Three new feature blocks

  • Z1 country-aware holidays_get_country_holidays(country_code) in src/data/feature_engineering.py. Replaces the earlier hardcoded _is_spanish_holiday(). Per-country public holiday registry in src/countries.py.
  • Z2 generation-forecast targets — wind + solar day-ahead forecasts from ENTSO-E, injected as forward-looking features. Code in src/models/direct_trainer.py::_target_extra_features().
  • Z4 solar elevation — computed at country-specific latitude (_COUNTRY_LATITUDE map), gives the model a clean proxy for solar generation potential that’s orthogonal to weather noise.

Cross-price gating (Z3)

Cross-country price features (other-country DA prices at 24h/48h/168h lags plus spread-to-ES) are now conditional on EPF_CROSS_PRICE_COUNTRIES. Production default: DE. See cross-price gating decision.

At inference time, direct_predictor.py aborts loudly if a joblib declares cross-price feature columns but the env var doesn’t include this country — a drift guard modelled after the v10.x LSTM zero-fill bug prevention.

Why the Z3 ablation changed our mental model

The v2.0 models (shipped 2026-04-11) all used cross-country prices. The assumption was that in a physically-interconnected market, neighbour prices at short lags should carry information. This proved wrong for 3 of 4 countries:

  • ES (−5.71 MAE without Z3): Spain sets the Iberian price. PT/FR/DE prices are downstream effects, already partly encoded in ES’s own lag features. Adding them is correlated noise.
  • FR (−0.62): France sits between Iberia and the German-dominated core; neighbour prices correlate with FR but with lags that depend on regime.

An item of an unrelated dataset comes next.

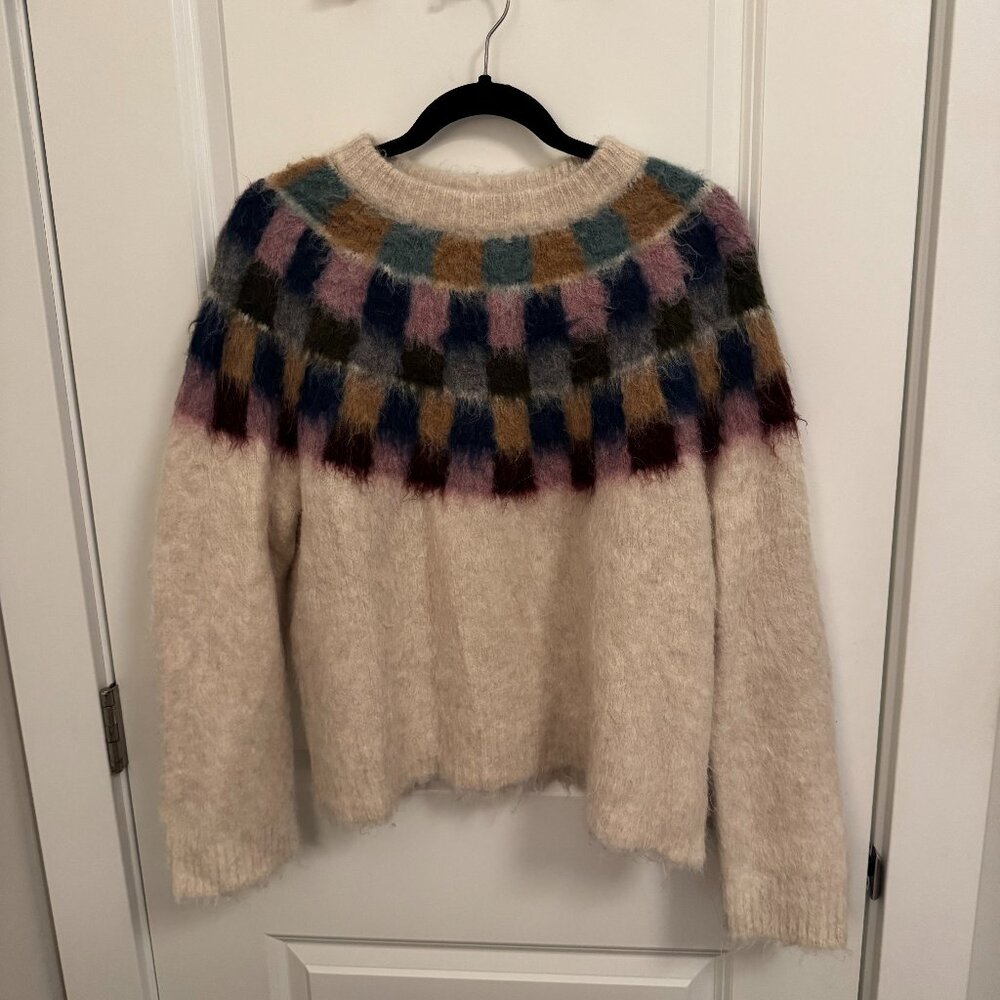 Madewell Multicolor Patterned Crew Neck Sweater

Lag-based cross-features couldn’t handle the shifting coupling.
  • PT (−0.58): PT tracks ES tightly in direction but not in magnitude. Cross-price lags made the model over-weight short-run neighbour differences.
  • DE (+0.10, neutral): DE is the EPEX SPOT price-maker; neighbour prices effectively lag DE, carrying residual information.

Other findings from the sprint

PT expanded → hybrid15 was a bug fix (v6.0 DA −9.2%, ST −21%)

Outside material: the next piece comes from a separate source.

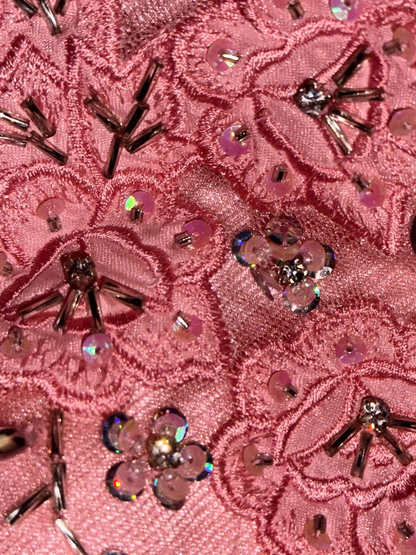 Vintage A Line Sweetheart Neck Beaded Pink Satin Tulle Long Prom Dress DP4423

PT was using an “expanded” approach that did hourly→15-minute conversion wrong. Switching to hybrid15 with correct resolution handling gave PT a larger jump than any other change. The MAE delta confirms the approach was the dominant issue, not any feature choice.

Optuna on TimeSeriesSplit is rejected for DA

A v6.1 parallel Optuna sweep showed CV MAE −24% (DE DA) but backtest MAE +1.25. The TimeSeriesSplit folds contained 2022 crisis data (prices 400+ EUR/MWh) that doesn’t match the current regime. Optuna optimized for a regime we no longer live in. Future hyperparameter work uses last-2yr windows only.

The ES v11.0 recipe is robust across countries

Single-XGBoost depth=12, learning_rate=0.03, q=0.55, pw3x above 60 EUR, sample decay 365-day halflife — this recipe works well for all four countries when feature noise is controlled. Country-specific tuning is narrower than expected: mainly the target transform (residual_1w for all except FR) and the cross-price gate.

Three process changes that came out of the sprint

  1. Feature additions must be tested per country. “Universal” features aren’t universal. Phase 5+ mandates per-country ablation before promotion.
  2. MAE alone is insufficient. Pair with spread capture, spike recall, directional accuracy, and battery arbitrage capture before promoting. DE with Z3 is the MAE best and the economic-utility best; PT’s day-ahead MAE best (ablation) differs from its strategic MAE best (with Z3). Lesson captured in internal memory.
  3. Experiment-tagging methodology — every new backtest now auto-compares against ES v11.0 + country LATEST + country BEST via src/models/evaluation.py::get_baselines_for_country(). Mechanical LATEST updates; BEST requires user approval on combined MAE + economic improvement.